It’s a rivalry again.

With one long kick last season, Indiana’s Austin Starr not only cemented a Hoosier return to the postseason after 13 long years, but he made sure that the Indiana-Purdue football rivalry would stay alive. In recent years Purdue has made the rivalry even more one-sided than it once was. Before Starr’s kick, Purdue had won 9 of 10 against the Hoosiers, often in dominating fashion. The Hoosiers were galvanized to play 13 in honor of Hep, however, and rode a capacity crowd to victory over their fiercest rival.

In a way, I was a little envious when I left Memorial Stadium last fall. Seeing Indiana celebrate the return of the Bucket and a postseason bid is something Purdue has not done since going to the Rose Bowl. Sure, they were crappy bowl games both the Hoosiers and Boilers played in, but where we have come to take certain bowls for granted, Indiana was desperate for even a small measure of success. They deserved their celebration, and a part of me was happy for them.
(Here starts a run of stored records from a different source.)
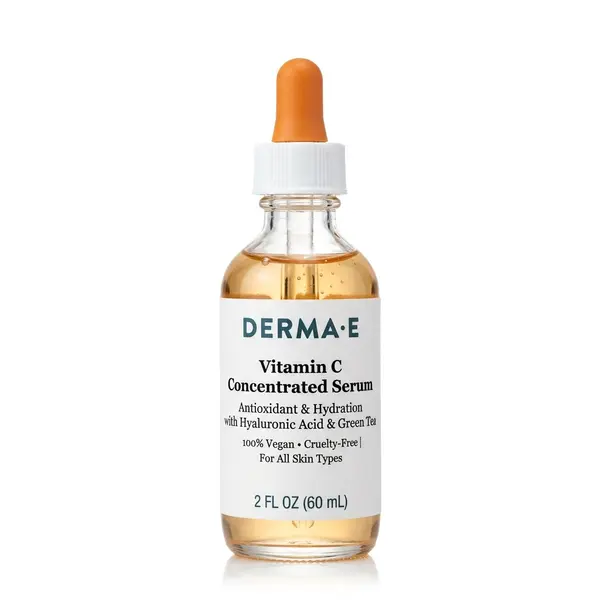 Derma E Vitamin C Brightening Serum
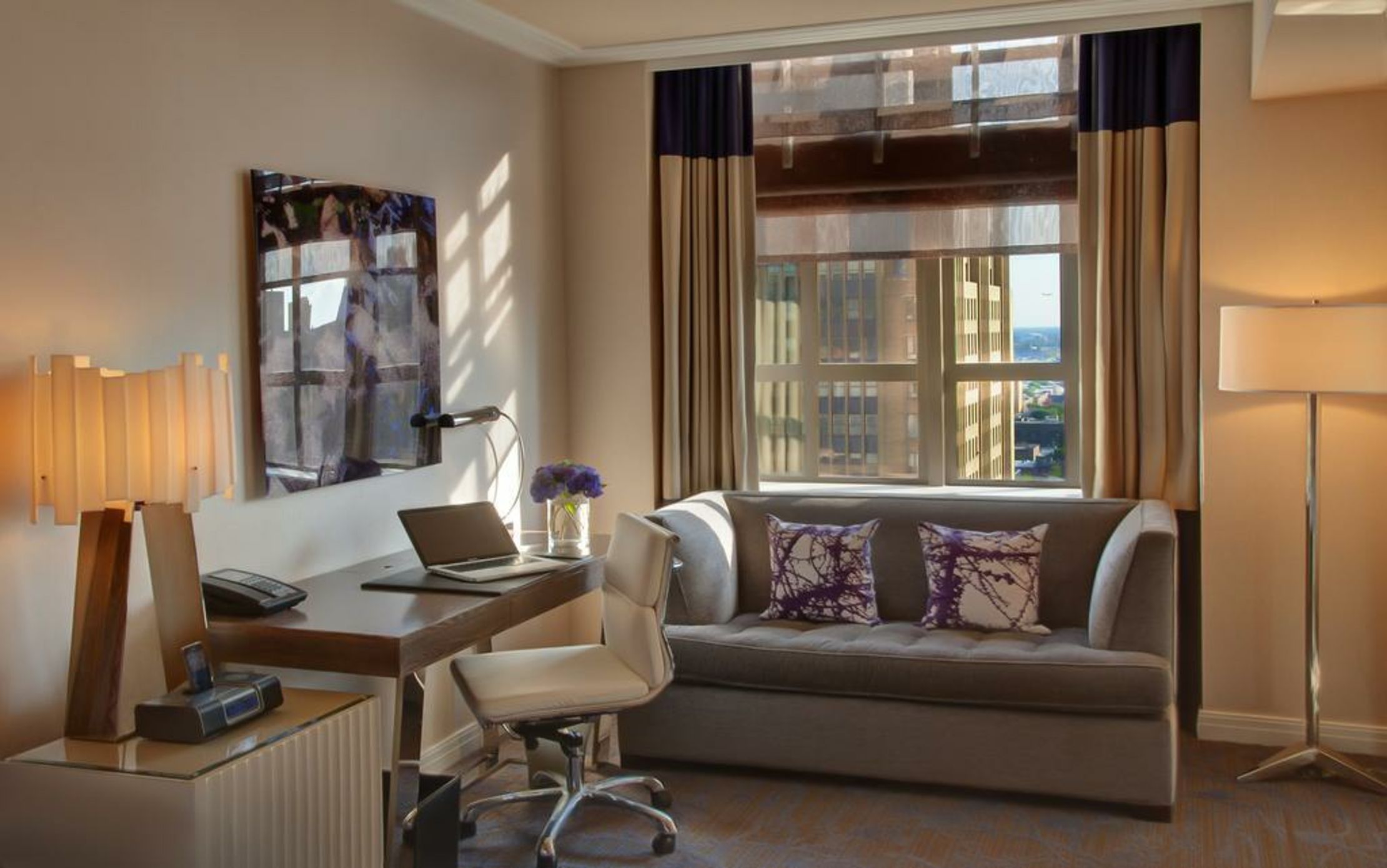 Kimpton Hotel Palomar Philadelphia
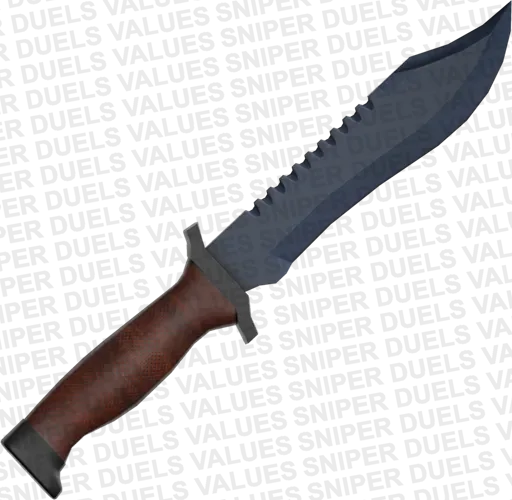 Survivor | Bluesteel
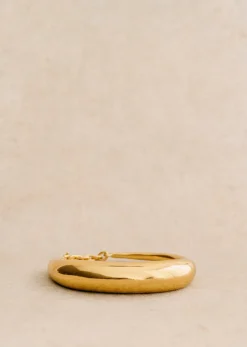 Best Sezane Armband Lou Goldfarben
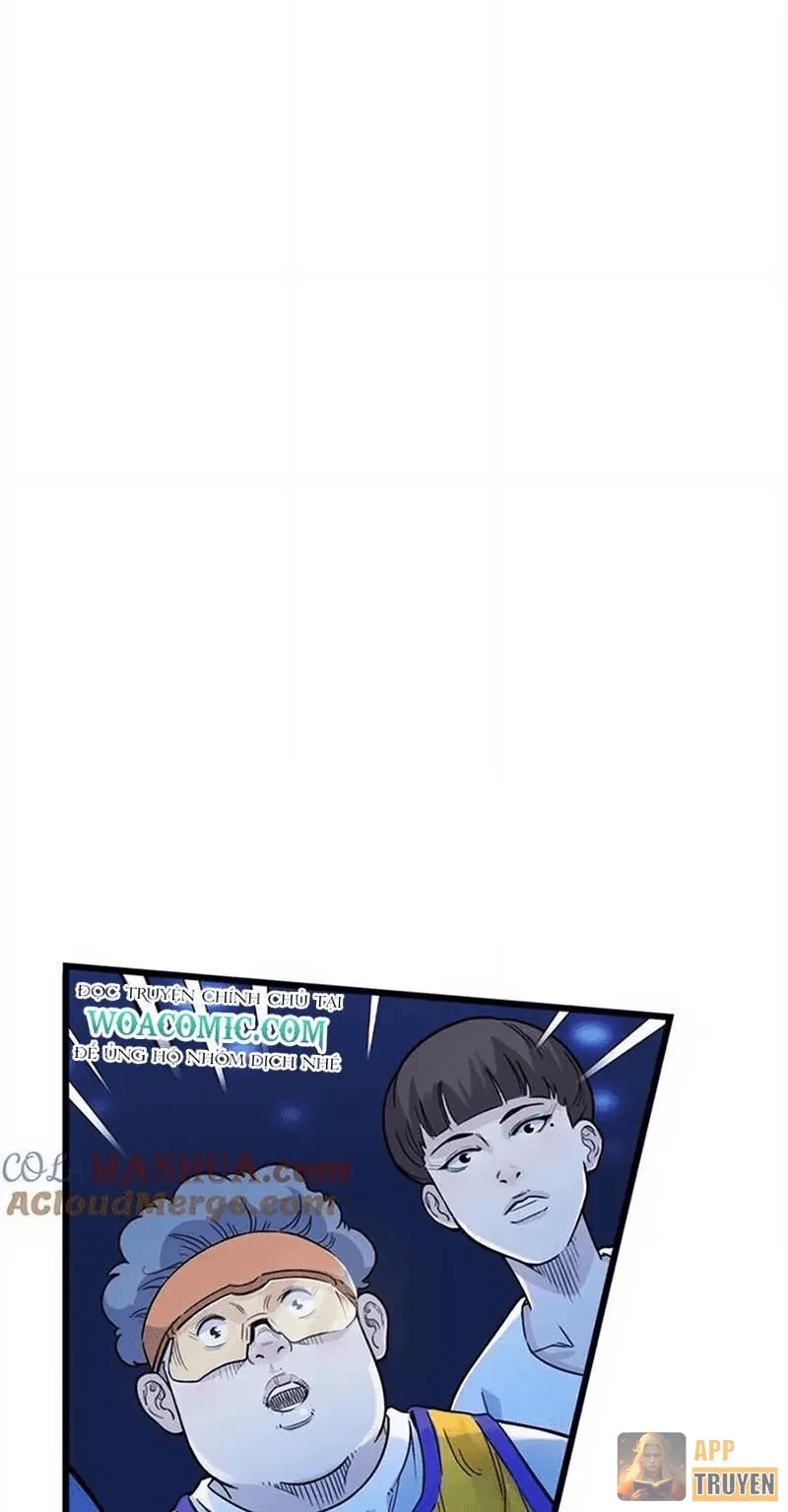 Đấu Trường Bóng Rổ Đường Phố Chapter 47 - 32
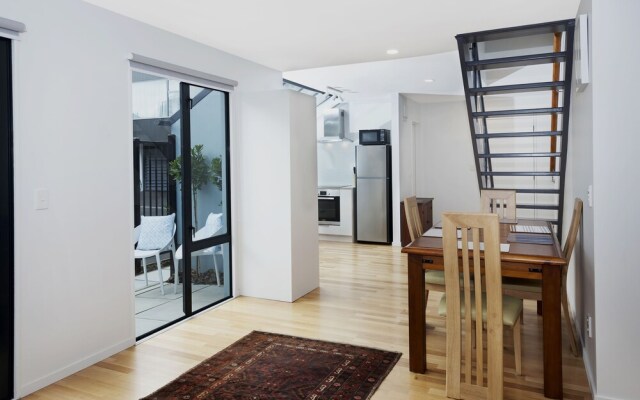 Charming Inner City Holiday Home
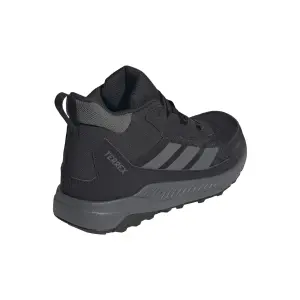 Zapatillas de senderismo para niños adidas Terrex Anylander Mid image-2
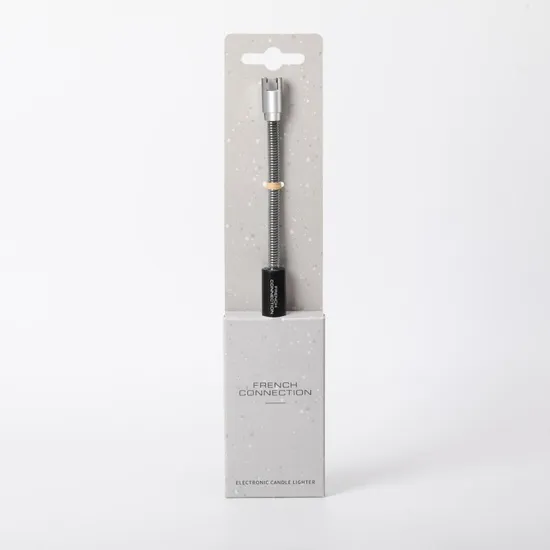 French Connection Rechargable Electric Candle Lighter
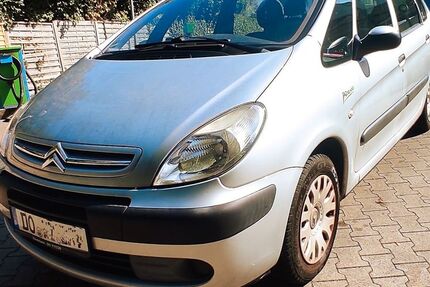 Citroen Xsara Picasso 175.732 km 890 € Dortmund 44225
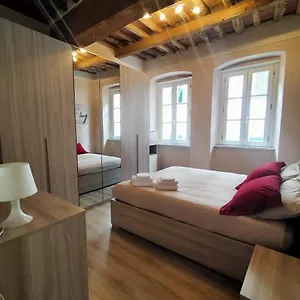 Casa Toscanella&girasole Appartamento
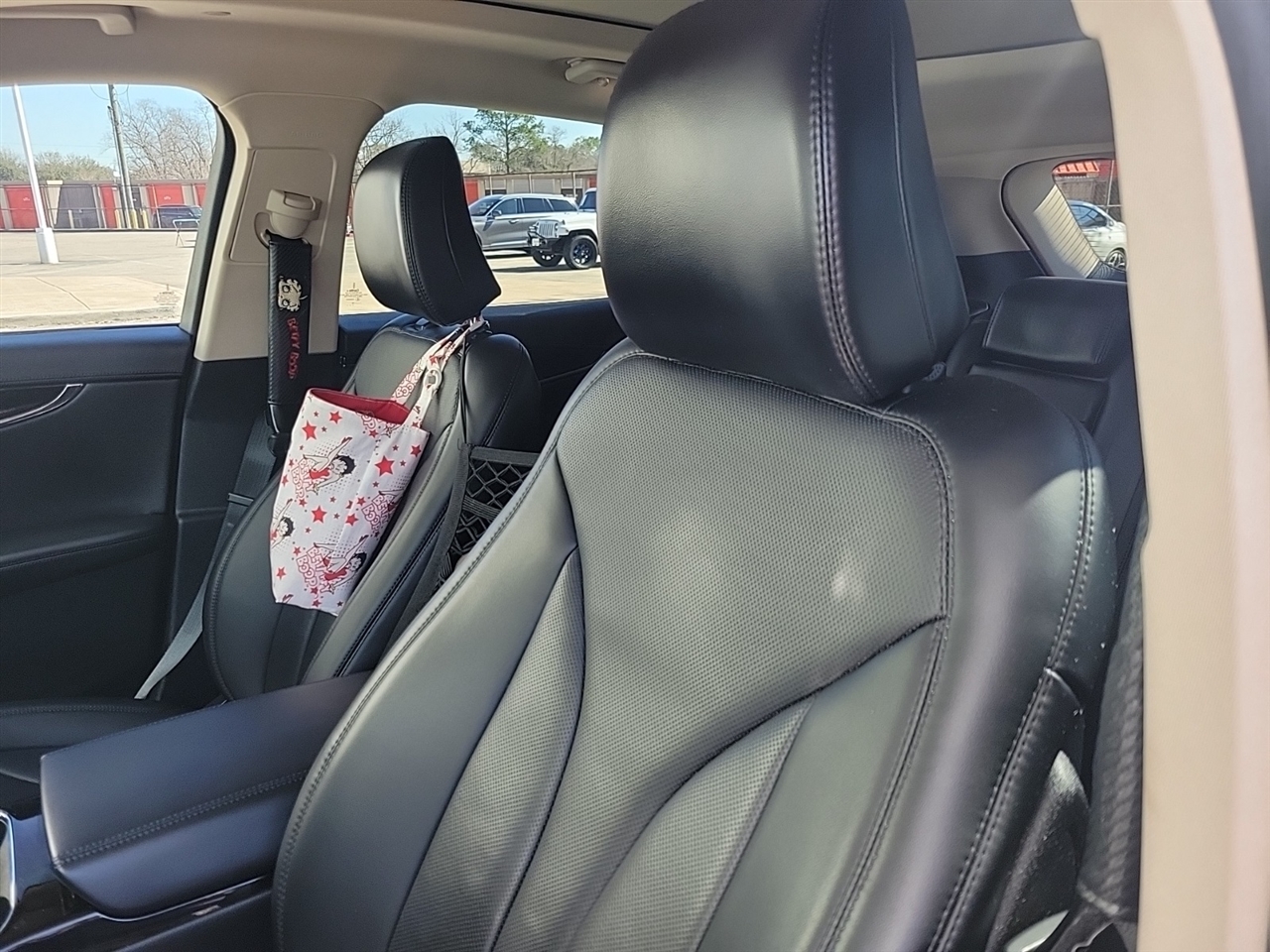 Lincoln Nautilus Reserve 2023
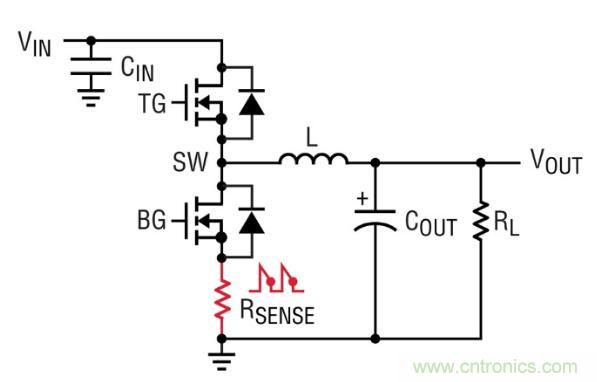 由淺入深，手把手教你開(kāi)關(guān)模式下的電源電流檢測(cè)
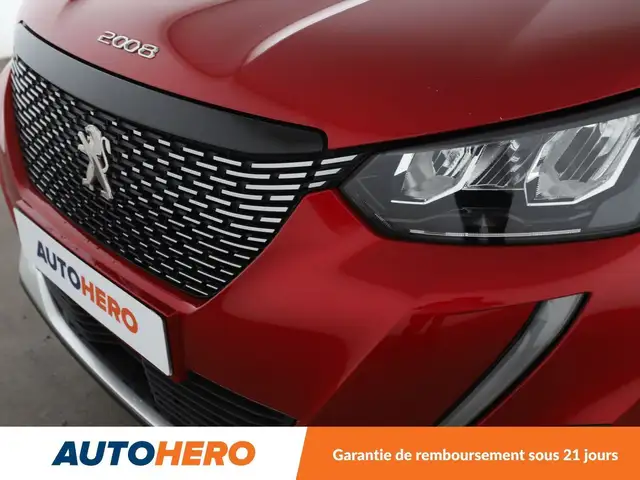 Peugeot 2008 view 28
That being said, they still have our Bucket. One thing Tiller has done is make sure that Purdue fans feel the Bucket is a right. Under his watch it has been in West Lafayette far longer than it has been in Bloomington, therefore it feels wrong when it is gone. Throughout the offseason I have wondered how often, if ever we have had the Shillelagh and the Cannon, but not the Bucket. Because of Indiana’s schedule they could go bowling again, but with November 22nd being coach Tiller’s final game in West Lafayette I have a hard time seeing the Bucket taking up a more permanent residence to the south.

Last Season for the Hoosiers

Purdue finished at 7-5, 3-5 in the Big Ten and it was a colossal disappointment. We beat Notre Dame, went to a bowl and won it, but the season was viewed as a failure. Indiana finished an identical 7-5, 3-5 in the conference and it was the best season in more than a decade. They rushed the field, tried to tear down the goal posts, and celebrated like they were heading to Pasadena.

The long-awaited trip to the Insight Bowl nearly didn’t happen. After the Hoosiers rode a weak early schedule to a 5-1 start, losses to Michigan State, Penn State, and Wisconsin brought them back to earth. The Hoosiers then beat Ball State to clinch preliminary bowl eligibility before Starr’s kick gave them their needed 7th win. Even with the loss, the Bucket game was one of the best I have ever attended. Like Purdue, however, the Hoosiers struggled against good teams. Indiana had a few wins over bowl-bound teams in Purdue and Ball State (making them the de facto Indiana state champion since Purdue beat Notre Dame?), but generally struggled against the really good with losses to Wisconsin, Penn State, and Illinois. The Penn State game was close at 36-31, and would have been Indiana’s biggest win in decades.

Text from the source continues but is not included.